| Task | Best Approach | Why | Risk |
|---|---|---|---|
| Make a page extractable | Lead with the answer in the first paragraph under each H2 | AI systems lift the first complete unit they find under a matched heading | Burying the answer causes the model to skip the page entirely |
| Align schema with content | Ensure every JSON-LD claim is visible on the rendered page | Trust signals degrade when schema describes invisible content | Schema-content mismatch can deprioritize the page in AI selection |
| Match headings to queries | Rephrase H2/H3 as questions or direct topic statements | AI systems match headings against query intent for section selection | Vague headings like "Overview" match no natural query |
| Option | When to Use | Strength | Limitation |
|---|---|---|---|
| Answer-first structure | Every page targeting AI citation | Highest correlation with selection across all major AI engines | Requires restructuring existing content flow |
| Schema markup alone | Pages already well-structured | Helps AI understand entity type and content category | Does not compensate for poor visible content structure |
| Definition density | Pages with technical terminology | Reduces model inference errors and increases quote accuracy | Adds length that may dilute topical focus |
Ranking vs. selection
Traditional search ranks pages against a query.
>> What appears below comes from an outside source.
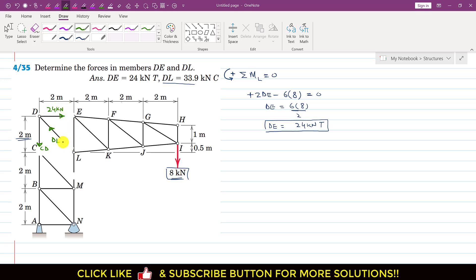Looking at the geometry, if this length is 2 meters and the DE member length is also 2 meters, then this angle is 45 degrees. Applying tan θ: tan θ equals 2 divided by 2, so tan θ equals 1, and tan inverse of 1 is 45 degrees. This means that the DL force makes 45 degrees with the CD force.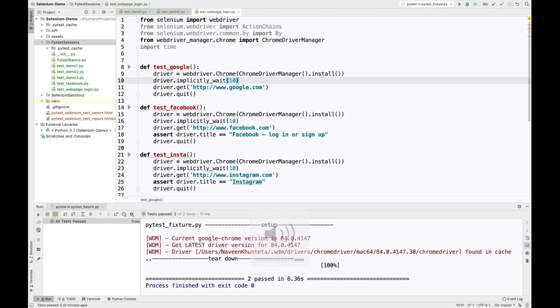This conference will now be recorded. Hey guys, this is Naveenia. Welcome back to Naveenia Automation Labs. This is chapter number three for PyTest.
Answer engines do something different: they retrieve a candidate set of strong pages, then choose which one to quote. Two pages can rank in the same top three results and only one will be cited in the AI answer. The difference is selection.
Selection is the moment an AI system decides "this page contains the answer in a form I can use." A page that ranks high but buries its answer five paragraphs deep loses to a page that ranks slightly lower but states the answer cleanly in its second paragraph.
> Definition — Extractability is the property of a page that lets a language model lift a self-contained answer without inference, paraphrasing across paragraphs, or guessing at structure.
What "extractability" actually means
Extractability is not the same as readability. Readability is for humans. Extractability is structural: the answer to a likely question exists as a complete unit, near the top of the relevant section, and is not split across multiple paragraphs that require the model to stitch them together.
The strongest extractable units share three properties:
- The first sentence states the answer directly.
- Following sentences add context, conditions, or evidence — not the answer itself.
- The unit is preceded by a heading that matches the question being asked.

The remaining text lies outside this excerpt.